EXERCISE GOAL -> Give again, word for word, every line in the entries below from the line with "Paisagens (título da" up to and including the line with "Pink Blue Flower Pattern - PrettyKase", and no other line.

DATA FOR THE TASK ->
-- Opening Marker --

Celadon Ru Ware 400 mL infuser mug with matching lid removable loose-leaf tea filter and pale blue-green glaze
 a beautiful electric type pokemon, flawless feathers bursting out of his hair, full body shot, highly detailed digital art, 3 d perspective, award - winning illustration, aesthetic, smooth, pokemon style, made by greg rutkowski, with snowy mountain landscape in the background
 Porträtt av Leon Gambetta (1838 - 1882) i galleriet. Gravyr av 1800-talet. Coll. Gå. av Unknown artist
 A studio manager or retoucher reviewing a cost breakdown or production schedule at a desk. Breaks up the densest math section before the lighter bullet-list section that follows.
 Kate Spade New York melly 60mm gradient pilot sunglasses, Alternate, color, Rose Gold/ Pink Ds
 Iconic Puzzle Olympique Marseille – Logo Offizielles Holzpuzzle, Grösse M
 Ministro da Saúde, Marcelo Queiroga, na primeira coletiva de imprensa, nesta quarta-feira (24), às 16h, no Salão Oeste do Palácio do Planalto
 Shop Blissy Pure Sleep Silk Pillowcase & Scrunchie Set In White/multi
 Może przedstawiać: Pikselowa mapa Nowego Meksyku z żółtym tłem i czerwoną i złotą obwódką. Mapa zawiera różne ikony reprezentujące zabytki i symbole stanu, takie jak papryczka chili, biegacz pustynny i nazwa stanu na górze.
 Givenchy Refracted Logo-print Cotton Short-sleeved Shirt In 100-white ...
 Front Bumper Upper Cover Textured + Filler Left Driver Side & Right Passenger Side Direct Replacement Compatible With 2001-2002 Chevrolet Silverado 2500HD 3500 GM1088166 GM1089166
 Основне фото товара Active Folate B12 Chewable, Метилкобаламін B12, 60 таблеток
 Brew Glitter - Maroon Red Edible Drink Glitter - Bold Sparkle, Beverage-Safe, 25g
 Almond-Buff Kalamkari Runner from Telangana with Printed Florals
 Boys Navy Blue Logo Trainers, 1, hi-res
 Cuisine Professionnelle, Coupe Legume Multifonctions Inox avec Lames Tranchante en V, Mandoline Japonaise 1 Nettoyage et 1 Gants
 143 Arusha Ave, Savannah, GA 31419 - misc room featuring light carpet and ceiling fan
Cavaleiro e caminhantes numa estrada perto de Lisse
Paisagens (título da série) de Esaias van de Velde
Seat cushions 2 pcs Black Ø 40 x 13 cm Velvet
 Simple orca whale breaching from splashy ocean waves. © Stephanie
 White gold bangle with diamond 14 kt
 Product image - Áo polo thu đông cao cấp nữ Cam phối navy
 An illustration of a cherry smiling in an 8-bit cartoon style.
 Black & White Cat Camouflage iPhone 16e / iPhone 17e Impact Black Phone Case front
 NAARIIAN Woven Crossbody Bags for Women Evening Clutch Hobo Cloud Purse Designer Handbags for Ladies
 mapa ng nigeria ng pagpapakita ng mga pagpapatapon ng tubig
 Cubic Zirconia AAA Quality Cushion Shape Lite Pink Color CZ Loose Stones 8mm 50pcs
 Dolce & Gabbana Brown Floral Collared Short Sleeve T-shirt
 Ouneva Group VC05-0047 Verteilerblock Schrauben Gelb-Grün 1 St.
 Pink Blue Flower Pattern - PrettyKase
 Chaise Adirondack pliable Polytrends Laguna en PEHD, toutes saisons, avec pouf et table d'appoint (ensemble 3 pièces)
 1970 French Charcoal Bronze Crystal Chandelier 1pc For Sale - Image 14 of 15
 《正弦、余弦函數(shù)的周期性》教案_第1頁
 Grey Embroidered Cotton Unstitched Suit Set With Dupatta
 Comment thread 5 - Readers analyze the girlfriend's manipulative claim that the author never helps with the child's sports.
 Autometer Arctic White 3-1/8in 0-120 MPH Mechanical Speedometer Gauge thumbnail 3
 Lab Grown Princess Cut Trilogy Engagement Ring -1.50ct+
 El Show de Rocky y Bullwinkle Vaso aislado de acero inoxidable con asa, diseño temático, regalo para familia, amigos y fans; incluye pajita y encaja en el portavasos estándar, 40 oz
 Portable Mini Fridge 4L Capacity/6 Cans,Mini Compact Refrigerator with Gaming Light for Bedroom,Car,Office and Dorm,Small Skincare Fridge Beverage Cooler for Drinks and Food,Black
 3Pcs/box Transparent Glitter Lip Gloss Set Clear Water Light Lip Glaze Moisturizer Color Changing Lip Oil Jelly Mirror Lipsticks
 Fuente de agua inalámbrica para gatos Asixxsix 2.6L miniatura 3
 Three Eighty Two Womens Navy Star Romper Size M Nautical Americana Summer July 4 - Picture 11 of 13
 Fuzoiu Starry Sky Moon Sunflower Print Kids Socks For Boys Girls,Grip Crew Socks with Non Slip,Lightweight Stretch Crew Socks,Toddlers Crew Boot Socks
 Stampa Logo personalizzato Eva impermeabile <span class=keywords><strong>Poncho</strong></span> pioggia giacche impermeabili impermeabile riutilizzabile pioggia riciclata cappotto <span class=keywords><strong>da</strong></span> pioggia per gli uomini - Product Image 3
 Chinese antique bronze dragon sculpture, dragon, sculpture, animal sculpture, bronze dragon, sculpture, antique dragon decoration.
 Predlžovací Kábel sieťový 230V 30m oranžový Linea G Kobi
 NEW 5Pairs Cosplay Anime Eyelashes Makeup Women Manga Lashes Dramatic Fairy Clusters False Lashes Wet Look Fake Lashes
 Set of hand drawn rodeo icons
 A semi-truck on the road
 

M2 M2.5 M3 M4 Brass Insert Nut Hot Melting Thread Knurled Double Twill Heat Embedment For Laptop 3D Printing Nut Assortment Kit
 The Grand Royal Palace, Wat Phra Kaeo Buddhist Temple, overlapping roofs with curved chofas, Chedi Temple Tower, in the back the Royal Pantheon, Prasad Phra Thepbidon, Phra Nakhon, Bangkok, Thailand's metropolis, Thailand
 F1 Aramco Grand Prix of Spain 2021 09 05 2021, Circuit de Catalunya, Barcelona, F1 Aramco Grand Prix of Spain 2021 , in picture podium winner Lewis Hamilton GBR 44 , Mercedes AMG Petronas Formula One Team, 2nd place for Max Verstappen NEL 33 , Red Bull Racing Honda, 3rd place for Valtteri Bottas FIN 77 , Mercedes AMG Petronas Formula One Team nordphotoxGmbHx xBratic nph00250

-- Closing Marker --

RESPONSE ->
Paisagens (título da série) de Esaias van de Velde
Seat cushions 2 pcs Black Ø 40 x 13 cm Velvet
 Simple orca whale breaching from splashy ocean waves. © Stephanie
 White gold bangle with diamond 14 kt
 Product image - Áo polo thu đông cao cấp nữ Cam phối navy
 An illustration of a cherry smiling in an 8-bit cartoon style.
 Black & White Cat Camouflage iPhone 16e / iPhone 17e Impact Black Phone Case front
 NAARIIAN Woven Crossbody Bags for Women Evening Clutch Hobo Cloud Purse Designer Handbags for Ladies
 mapa ng nigeria ng pagpapakita ng mga pagpapatapon ng tubig
 Cubic Zirconia AAA Quality Cushion Shape Lite Pink Color CZ Loose Stones 8mm 50pcs
 Dolce & Gabbana Brown Floral Collared Short Sleeve T-shirt
 Ouneva Group VC05-0047 Verteilerblock Schrauben Gelb-Grün 1 St.
 Pink Blue Flower Pattern - PrettyKase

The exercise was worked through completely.